ACTIVITY: Output the records below verbatim, minus the pictures.

** DATA TO PROCESS follows **

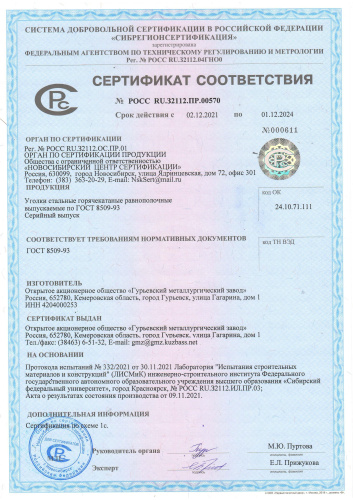 Сертификат Уголки Мечел до 01.12.2024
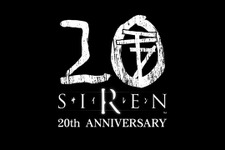夏にピッタリ！？伝説的ホラーゲーム『SIREN』のリマスター盤サウンドトラックが8月3日からサブスクなどで配信 画像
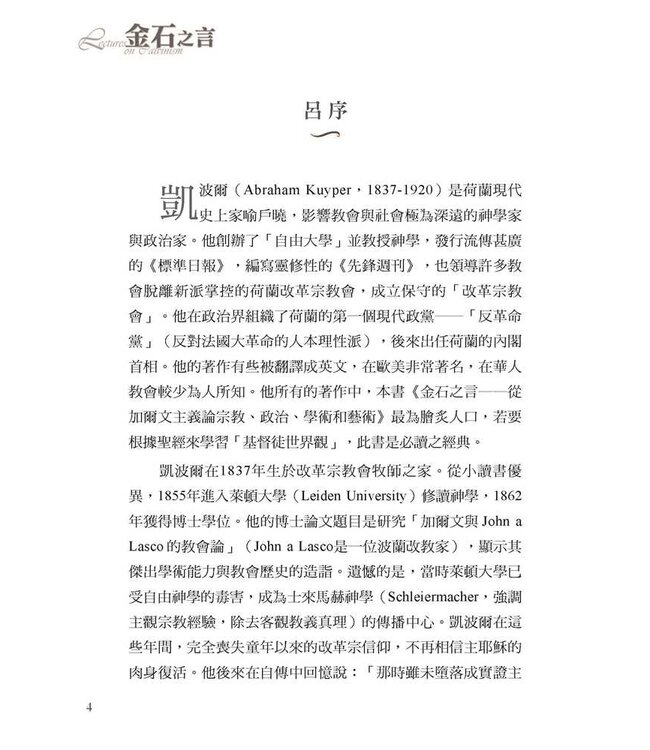 金石之言：從加爾文主義論宗教、政治、學術和藝術 | Lectures on Calvinsim
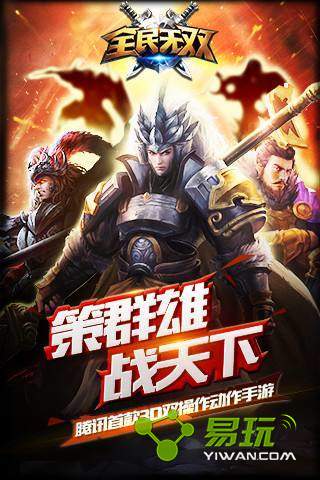 ��Ϸ�У����ṩ200����ľ���ķ��ĸ�ħ���Ͻ�ʲô���֣�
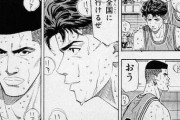 【スラムダンク】宮城リョータ「旦那っ！」←この呼び方ww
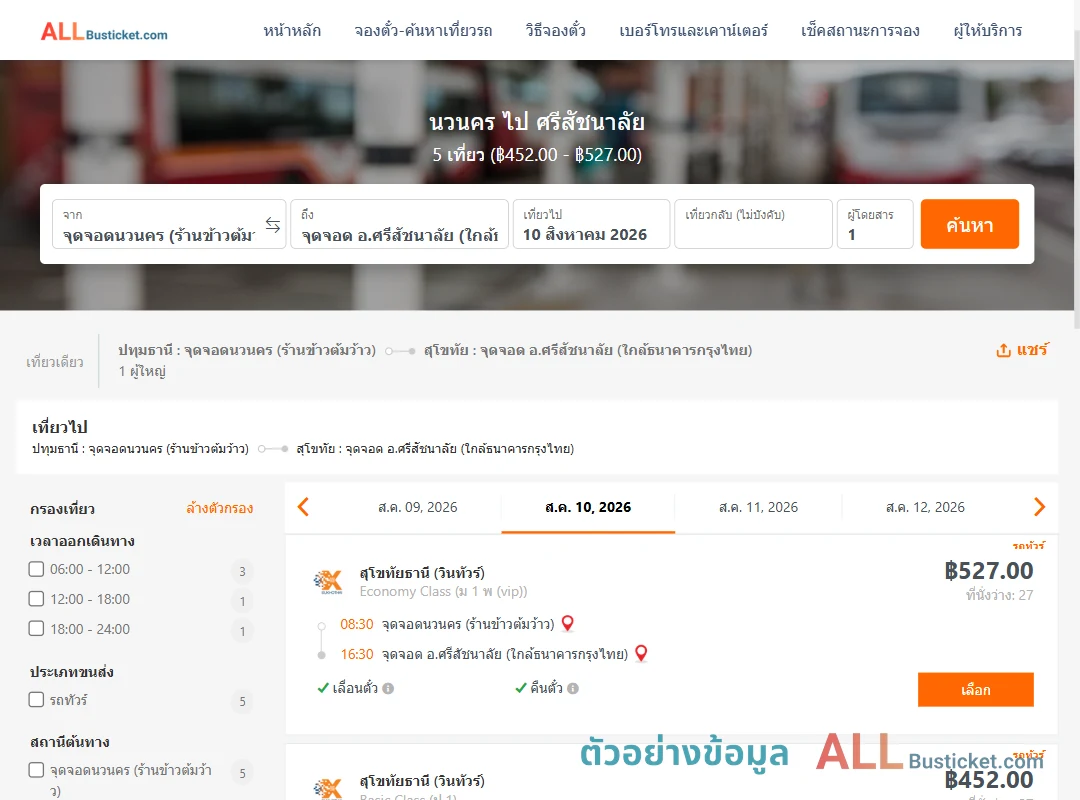 ตัวอย่างผลค้นหา นวนคร-ศรีสัชนาลัย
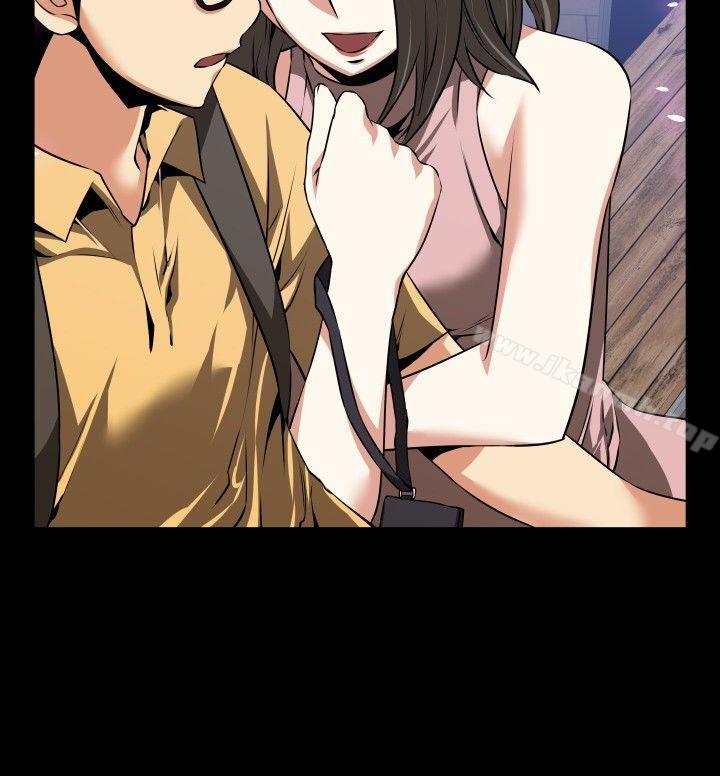 《戀愛輔助器》漫画 第53話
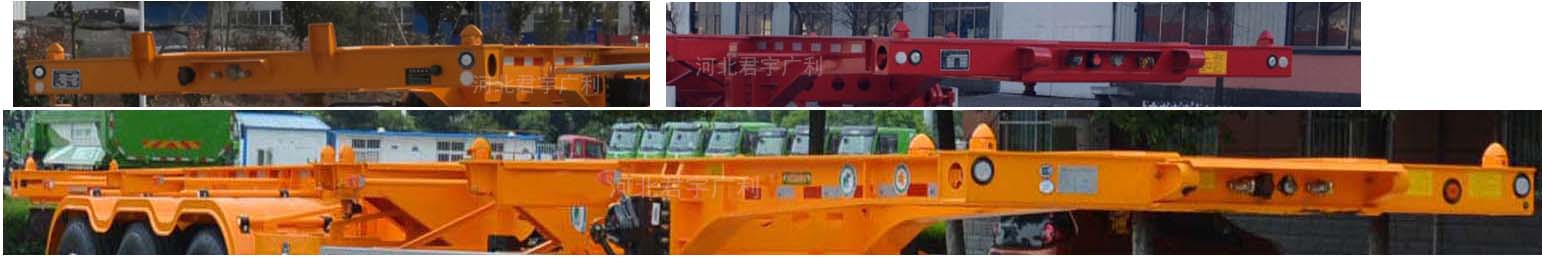 君宇广利牌ANY9405TWY危险品罐箱骨架运输半挂车公告图片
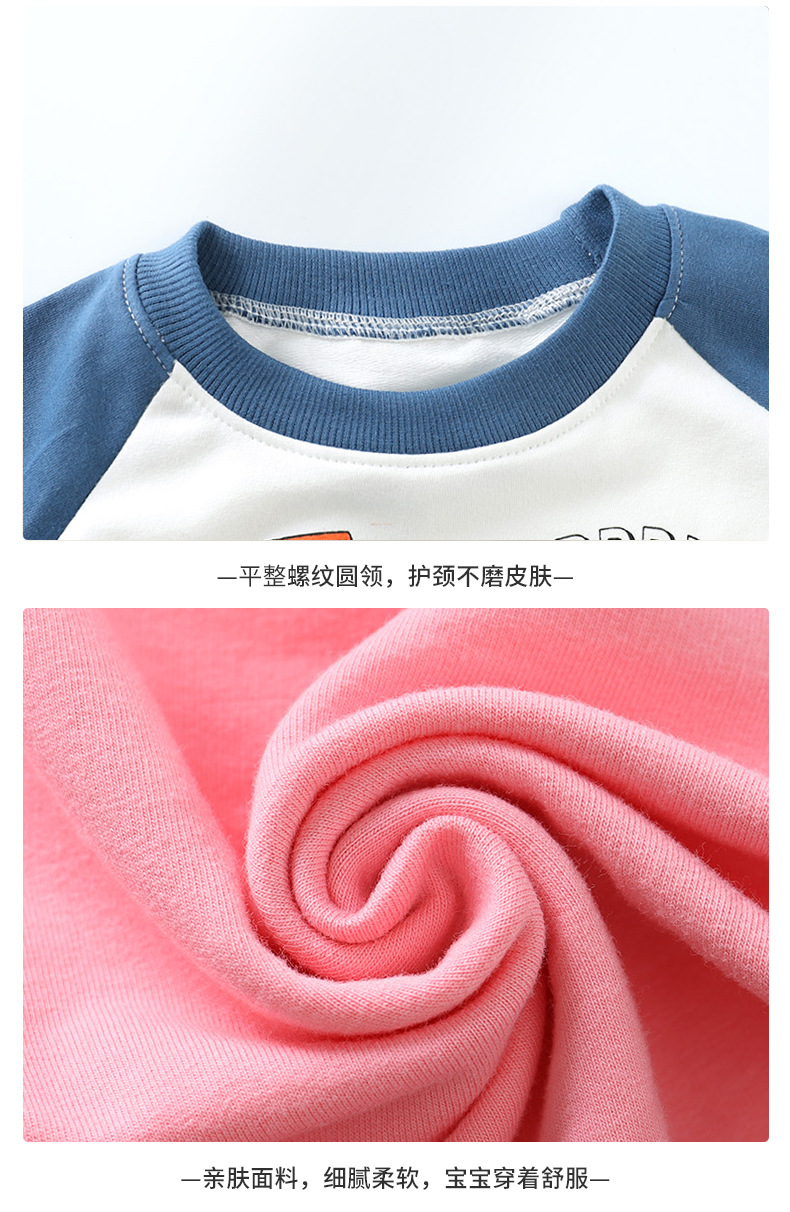 Подробности 16.jpg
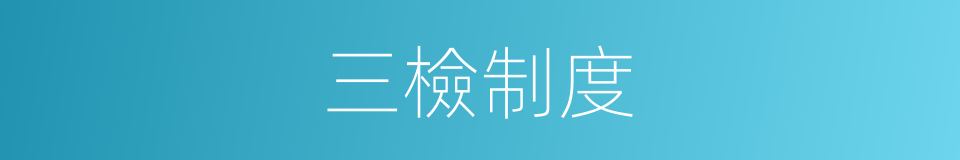 三檢制度的同義詞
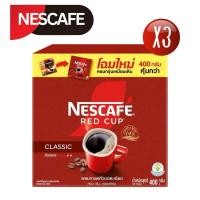 ราคา ส่งฟรี ส่งเร็ว ใช้โค้ดได้ NESCAFÉ Red Cup เนสกาแฟ เรดคัพ กาแฟสำเร็จรูปผสมกาแฟคั่วบดละเอียด แบบกล่อง ขนาด400กรัม x3 (27401763048)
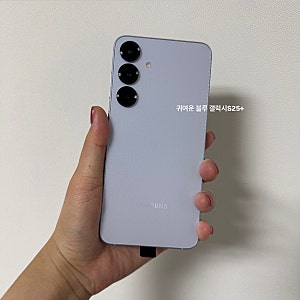 삼성스마트스토어에서 갤럭시S25+ 자급제 내돈내산 구매후기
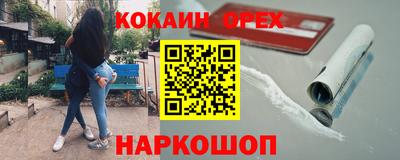 героин Кунгур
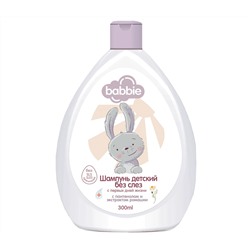Шампунь для волос детский "Без слез Babbie 0+" (300 мл) (10325730)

** End of DATA TO PROCESS **

ANSWER BOX:
 Сертификат Уголки Мечел до 01.12.2024
夏にピッタリ！？伝説的ホラーゲーム『SIREN』のリマスター盤サウンドトラックが8月3日からサブスクなどで配信 画像
 金石之言：從加爾文主義論宗教、政治、學術和藝術 | Lectures on Calvinsim
 ��Ϸ�У����ṩ200����ľ���ķ��ĸ�ħ���Ͻ�ʲô���֣�
 【スラムダンク】宮城リョータ「旦那っ！」←この呼び方ww
 ตัวอย่างผลค้นหา นวนคร-ศรีสัชนาลัย
 《戀愛輔助器》漫画 第53話
 君宇广利牌ANY9405TWY危险品罐箱骨架运输半挂车公告图片
 Подробности 16.jpg
 三檢制度的同義詞
 ราคา ส่งฟรี ส่งเร็ว ใช้โค้ดได้ NESCAFÉ Red Cup เนสกาแฟ เรดคัพ กาแฟสำเร็จรูปผสมกาแฟคั่วบดละเอียด แบบกล่อง ขนาด400กรัม x3 (27401763048)
 삼성스마트스토어에서 갤럭시S25+ 자급제 내돈내산 구매후기
 героин Кунгур
Шампунь для волос детский "Без слез Babbie 0+" (300 мл) (10325730)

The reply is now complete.